In the light market environment during the Japanese holiday, the yen fluctuated sharply, with the yen/dollar exchange rate rising by more than 2% on Monday, after falling 1.2% against the U.S. dollar to $160.17.

Analysts believe the scale and speed of the rally smacks of intervention, but Japan's top monetary official, Masato Kanda, declined to comment, keeping investors guessing. Citing people familiar with the matter, Dow Jones said authorities stepped in to buy yen.

"The market is very volatile and there's not a lot of liquidity, and the yen becomes a sharp toy. The risk of intervention is another factor," said Rodrigo Catril, a strategist at National Australia Bank.

Whether or not the government is involved , markets are clearly nervous about the possibility of intervention if the yen falls, but are also aware that the Fed may push the dollar back higher this week by becoming more worried about inflation.



The yen/dollar exchange rate has fallen more than 9% this year, and if it falls further to 160.2, it will hit the lowest level since 1986. Finance Minister Shunichi Suzuki said officials had repeatedly warned that if the devaluation was too deep or too fast, it would not be tolerated. said last week that he was worried about the impact of the weakening yen on inflation. A lower exchange rate makes imports of energy, food and other products more expensive, hitting consumers and businesses.

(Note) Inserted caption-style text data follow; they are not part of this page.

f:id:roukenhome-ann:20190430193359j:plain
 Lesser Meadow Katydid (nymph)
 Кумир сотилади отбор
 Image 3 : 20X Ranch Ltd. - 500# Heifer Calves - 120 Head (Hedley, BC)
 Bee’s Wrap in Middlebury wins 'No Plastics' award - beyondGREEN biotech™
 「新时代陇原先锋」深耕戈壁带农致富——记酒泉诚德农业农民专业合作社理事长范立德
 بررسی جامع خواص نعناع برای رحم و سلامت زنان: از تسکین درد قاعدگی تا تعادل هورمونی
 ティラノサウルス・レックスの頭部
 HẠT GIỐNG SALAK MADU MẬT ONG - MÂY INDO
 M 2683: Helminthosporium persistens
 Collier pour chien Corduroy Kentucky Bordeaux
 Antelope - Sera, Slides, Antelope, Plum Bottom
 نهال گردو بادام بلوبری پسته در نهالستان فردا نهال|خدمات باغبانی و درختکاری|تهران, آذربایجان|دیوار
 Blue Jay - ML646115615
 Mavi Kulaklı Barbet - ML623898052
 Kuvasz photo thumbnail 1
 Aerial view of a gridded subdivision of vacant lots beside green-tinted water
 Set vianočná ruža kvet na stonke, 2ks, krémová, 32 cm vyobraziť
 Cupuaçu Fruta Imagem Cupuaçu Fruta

"We cannot ignore the negative impact of excessive and abnormal exchange rate fluctuations caused by speculation on the national economy," Kanda said on Monday. "Therefore, we will continue to take appropriate measures as needed."

However, the intervention in currency markets did not change the interest rate gap between the United States and Japan that has been weighing on the yen. Others argue that a weaker exchange rate is not necessarily a bad thing for Japan, as it can boost economic growth by boosting exports and tourism, while also increasing the value of overseas assets held by local investors.

Tony Sycamore, a market analyst at IG Australia in Sydney, said: "This move has all the hallmarks of actual intervention by the Bank of Japan, and now is the perfect time to intervene." The Japanese public holiday means that the dollar is against The decline in yen liquidity has a bigger impact on the Bank of Japan's dollar.

Kyle Rodda, a strategist at Capital.com in Melbourne, said trading was "pretty crazy" as investors rushed to cover short positions. Speculative traders seek to profit from volatility.